Tributes have been paid to a much-loved dad, grandad and great grandad who died after a collision in Charmouth.

Emergency services were called to a collision involving a pedestrian and a car at the junction of The Street and Lower Sea Lane shortly after 7pm on Thursday, January 23. It was reported that the driver of the car failed to stop at the scene.

Sadly the pedestrian, 90-year-old Peter Bide, died at the scene. 

His family say they will all ‘greatly miss his reassuring and loving presence.’

Peter – who survived the Blitz  - had a ‘wry sense of humour which never deserted him’ and ‘would make light of the indignities and frailty of old age,’ said son Tim.

“He was unswervingly optimistic and never complained about setbacks he encountered – instead, he just found a way around each problem that life threw at him and doggedly carried on.

“He was determined to remain living at home and remained fully independent to the end.”

Born in London in 1929, Peter spent his early childhood breathing the smoke and soot of Battersea Power Station and Clapham Junction before his mother initiated a move to the healthier suburbs of Raynes Park where they lived throughout the Blitz.

He would later tell his children his memories of crouching in the dark of the understairs cupboard with his mum while listening to the drone of bombers overhead, the whistle and explosion of falling bombs and the crash of anti-aircraft guns. 

In the mornings, he and his friends used to collect the shiny shrapnel fragments from detonated shells as they walked to school.
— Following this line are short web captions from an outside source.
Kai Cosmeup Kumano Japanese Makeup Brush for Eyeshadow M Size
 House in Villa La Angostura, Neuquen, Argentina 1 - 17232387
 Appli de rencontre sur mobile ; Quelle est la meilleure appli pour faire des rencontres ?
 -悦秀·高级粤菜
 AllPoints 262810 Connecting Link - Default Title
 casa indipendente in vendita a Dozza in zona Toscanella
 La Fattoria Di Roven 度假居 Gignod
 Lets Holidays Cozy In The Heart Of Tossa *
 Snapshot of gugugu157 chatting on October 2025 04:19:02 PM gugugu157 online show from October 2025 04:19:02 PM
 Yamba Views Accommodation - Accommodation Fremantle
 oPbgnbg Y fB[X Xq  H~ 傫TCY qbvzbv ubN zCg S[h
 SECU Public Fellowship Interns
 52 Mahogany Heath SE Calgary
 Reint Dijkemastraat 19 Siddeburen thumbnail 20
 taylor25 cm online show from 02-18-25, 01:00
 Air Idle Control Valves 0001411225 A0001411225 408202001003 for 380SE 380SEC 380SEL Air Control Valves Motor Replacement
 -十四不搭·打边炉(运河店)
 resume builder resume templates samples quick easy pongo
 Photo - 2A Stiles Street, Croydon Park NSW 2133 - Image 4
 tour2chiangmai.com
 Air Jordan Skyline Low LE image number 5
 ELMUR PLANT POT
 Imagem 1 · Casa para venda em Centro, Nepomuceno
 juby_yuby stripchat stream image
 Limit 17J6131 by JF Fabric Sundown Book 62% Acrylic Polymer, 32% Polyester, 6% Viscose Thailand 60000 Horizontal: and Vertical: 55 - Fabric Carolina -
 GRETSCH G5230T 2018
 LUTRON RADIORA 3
One day, he got phosphorous from an incendiary shell fragment under his fingernail which ate into his finger, causing terrible pain and requiring urgent surgery to remove his fingertip. 

At an early age he joined the scouts and developed a lifelong interest in camping and all-things outdoors.

Peter met Katharine while they were both still at school and both realised that they had found ‘the one’. They got married in 1952 after he had completed his National Service and they had both finished teacher training.  They were happily married for 54 years until Katharine’s death in 2006.

Through his long teaching career, Peter specialised in geography, geology and PE and his job took him to Canada.

“We lived in a house in the woods which was a short walk from the rocky shoreline of a sea inlet,” said Tim. Included in the rent was use of a rowing boat which Peter used to spear fish and snare crabs in the clear waters of the inlet.  The only downside was that the pupils of the school didn’t want to learn geography, they just wanted to be out logging like their fathers and uncles. This made teaching a thankless and somewhat futile task and Peter realised his future lay back in England after all.”

The family moved to Charmouth in the 60s and Peter spent most of his teaching career at Monkton Wyld School.

“He committed himself to teaching to his own high standards and he earned the respect and lasting affection of many pupils, some of whom kept in contact with him for many years,” said Tim.

Bridport and Lyme Regis News:

  • Peter Bide   Picture: DORSET POLICE

When Monkton Wyld closed in the early 1980s, Peter earned a living through a mixed bag of jobs, including teaching at Symondsbury college, supply teaching at local secondary schools, delivering groceries in and around Charmouth for Dampier’s store and cutting the grass at local libraries.

Peter had a strong creative streak and always had some project on the go. Over the years these included wood carving and building model sailing ships.

“He was endlessly patient and constructed each ship plank by plank to include all the details and the amazingly complicated rigging,” said Tim. “When we look at them now, we marvel at how he managed to achieve such ‘museum standard’ results.”

He was an avid reader from childhood throughout his life and would get through several books each week.  He particularly enjoyed historical fiction and detective novels but he had an enquiring mind and also read many non-fiction history books.

“As children, he read to us most nights and I have treasured memories of listening to him reading Winnie the Pooh stories and, best of all, the Hobbit.  He could do all the voices and we couldn’t wait for him to read the next episode,” said Tim.

“Although he appeared rather quiet and self-contained, Peter was a man of many parts and enjoyed performing. He needed no encouragement to take to the stage and, when we were young, he regularly contributed skits to the annual Charmouth Show in the church hall.

“He was a quiet man and he never complained about anything, he just adapted to any setbacks.”

Peter leaves behind children Peter, Elizabeth and Tim, eight grandchildren and six great-grandchildren.

Granddaughter Sophie said he was a ‘very funny, kind man’ who adored his great grandchildren.

“He valued his independence and still got out and about to do his shopping. He was very well known around Charmouth.”

Peter had been on his way home from the shop when a collision took place.

Police are continuing to investigate the circumstances of the incident.

They are appealing for any vehicles or pedestrians who were in the area and witnessed the incident to contact them.

They are also keen to hear from anyone who may have captured the collision on dashcam.

“We would be grateful to anyone who responds to the police’s request for information,” said Tim. “We are also very grateful to those who tried to help that day.”

Anyone with information can contact Dorset Police on 101, quoting incident number 23:346.